Но Галилей не останавливается на этом. Делая наклонную плоскость все более крутой, Галилей приближал условия движения тел по ней к свободному падению. В пределе, когда плоскость вертикальна, она не влияет на падение тела, летящего вдоль нее. Так Галилей не только смоделировал действие различных по величине и постоянных во времени сил, но и впервые осуществил на опыте переход к пределу. Он смог по желанию изменять величину действующей силы от ее наибольшего значения до нуля, когда плоскость становится горизонтальной.

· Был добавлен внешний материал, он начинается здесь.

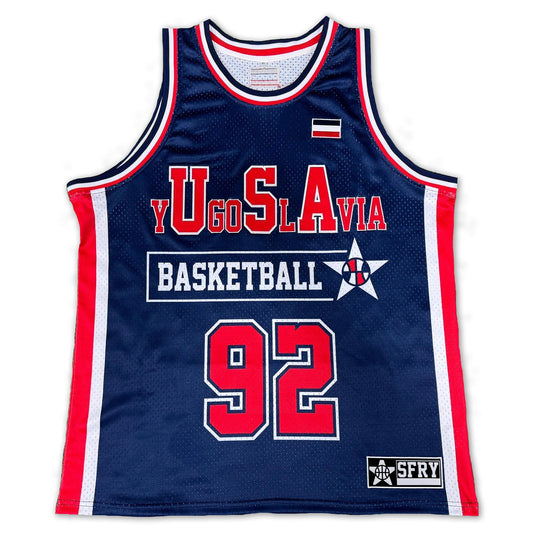 YUgoSlAvia Basketball Jersey.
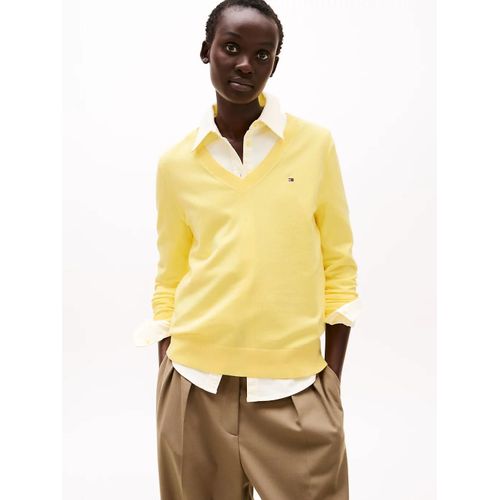 Pull En Maille Fine  Col En V Co Jersey Stitch Ls V-Nk Sweater/Citronella - Xxxl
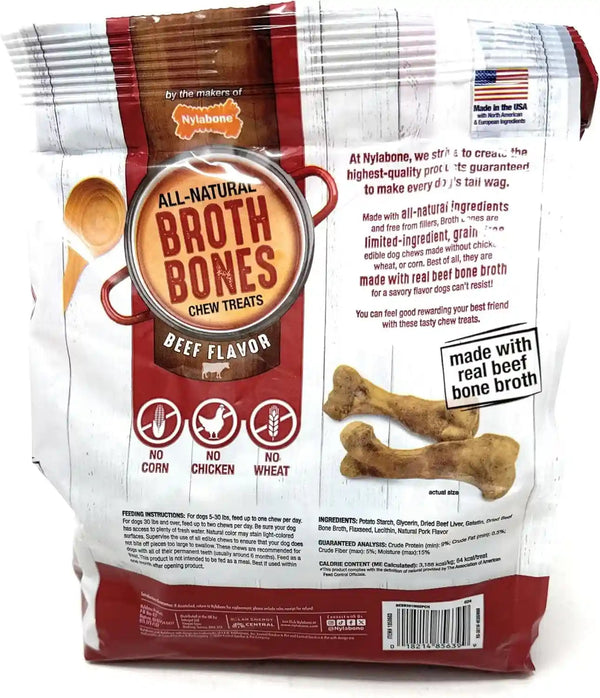 Nylabone Beef Broth Bones for Dogs, 60 Count, 2.6 Lbs3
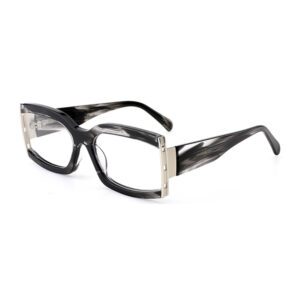Metal Acetate Mixed Bow Eyeglasses-5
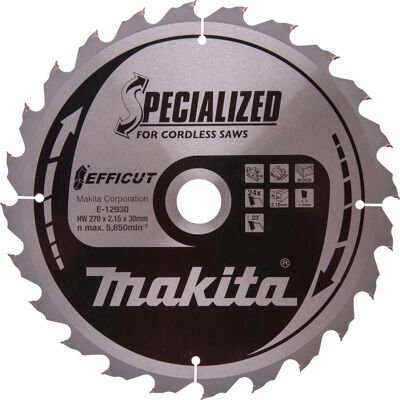 Makita E-12930 Cirkelblad för trä - 24 tänder Makita E-12930 Cirkelblad för trä - 24 tänder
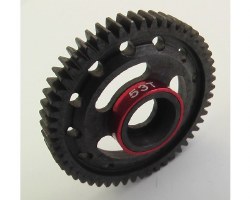 Steel Spur Gear, 53 Tooth, Red, for Traxxas 1/16 Scale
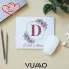 Kişiye Özel İsimli ve Harfli Desenli Mouse Pad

Теперь стала яснее причина того, почему период колебания маятника зависит только от длины подвеса, а не от величины груза. Ведь груз маятника как бы падает по дуге окружности, а ее можно представить совокупностью множества плавно переходящих одна в другую прямых, лежащих на плоскостях, наклон которых постепенно изменяется. И так как скорость, а значит, и время падения не зависят от веса тела, то и период колебания маятника не связан с весом его груза, а только с длиной нити, к которой подвешен груз. Но маятник, практически свободный от трения, позволяет еще проще наблюдать законы движения. Галилей предлагает вбить гвоздь точно под точкой подвеса маятника между нею и грузом и, сохраняя нить натянутой, отклонить груз в сторону, поднимая его до уровня гвоздя. Отпущенный груз будет опускаться до направления отвеса по малой окружности, центр которой совпадает с гвоздем, а затем поднимется на исходную высоту по дуге большой окружности, определяемой полной длиной нити.